Storage Requirements for Single Copy Clusters
SCCs use shared storage to store clustered mailbox server data (storage groups and databases). The quorum resource can also be stored on shared storage. An alternative to using shared storage for the quorum resource is to use a Majority Node Set (MNS) quorum. This can be a traditional MNS quorum, or an MNS quorum with file share witness.
It is critical that the following tasks be performed in the order shown for the SCC to operate correctly:
All shared storage must be configured prior to cluster formation on each node that will be part of the cluster. It is mandatory that the quorum disk be configured and available to all nodes in the cluster prior to cluster formation. The cluster formation will fail if the quorum is not available.
After the cluster has been formed, and before Exchange is installed, the physical disk resources for the clustered mailbox server shared storage must be configured.
After Exchange has been installed and the clustered mailbox server has been created, the physical disk resource dependencies must be configured.
Shared storage for a clustered mailbox server must be accessible from all nodes that can host the clustered mailbox server.
When you design your SCC storage solution, we recommend that you follow these best practices:
Use the general storage planning guidance in Planning Storage Configurations.
Store the database files and transaction log files on different logical unit numbers (LUNs).
Use NTFS file system volume mount points to surface the volumes to the operating system.
Use recognizable names that can be directly and obviously tied to the hosted storage group or database. If different volumes are used for logs and databases, the paths should identify the type of data. This approach can help prevent human errors as the number of databases and storage groups increases.

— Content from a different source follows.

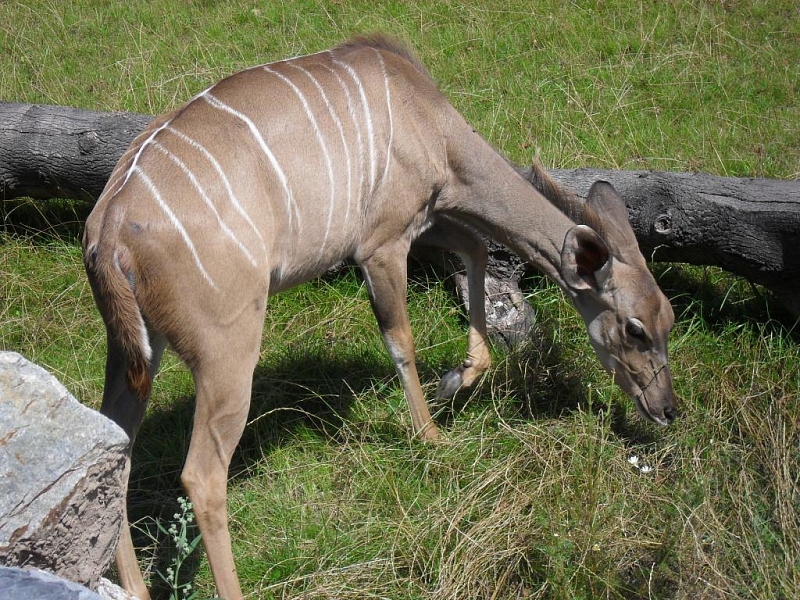 Mit Kindern, die den Pilsener Zoo erkunden und Spaß haben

Exchange 2007 does not support placing transaction logs or database files in the root of a volume.
Active Directory Requirements for Single Copy Clusters
SCC has all the same requirements of the Active Directory infrastructure that a stand-alone server has plus additional requirements. In a multiple datacenter solution, both datacenters must have adequate Active Directory infrastructure support because, at any time, either datacenter could be hosting the clustered mailbox server. This capacity needs to be present even if the other datacenters are not available. Additionally, all nodes in the cluster must be in the same domain and the Cluster service account must have the appropriate permissions.
Geographically dispersed clusters also require that a single Active Directory site be stretched between the datacenters. However, only the clustered node needs to be in the site in the second datacenter. Third-party hardware and replication technology is required to deploy a geographically dispersed SCC solution.
Service Account Requirements for Single Copy Clusters
If you are installing SCC on Windows Server 2003, you must use a domain account for the Cluster service account. All nodes in the cluster must be members of the same domain, and all nodes in the cluster must use the same Cluster service account. The Cluster service account must also be a member of the local administrators group on each node that is capable of hosting a clustered mailbox server.
The Cluster service account is responsible for creating and maintaining the computer account identified by and associated with the failover cluster's Network Name resource when that resource is brought online. To ensure that the Cluster service account has the appropriate permissions, see Knowledge Base article 307532, How to troubleshoot the Cluster service account when it modifies computer objects. Additional information can be found in Knowledge Base article 251335, Domain Users Cannot Join Workstation or Server to a Domain.
If you are installing SCC on Windows Server 2008, the Cluster service will run under the LocalSystem (SYSTEM) account.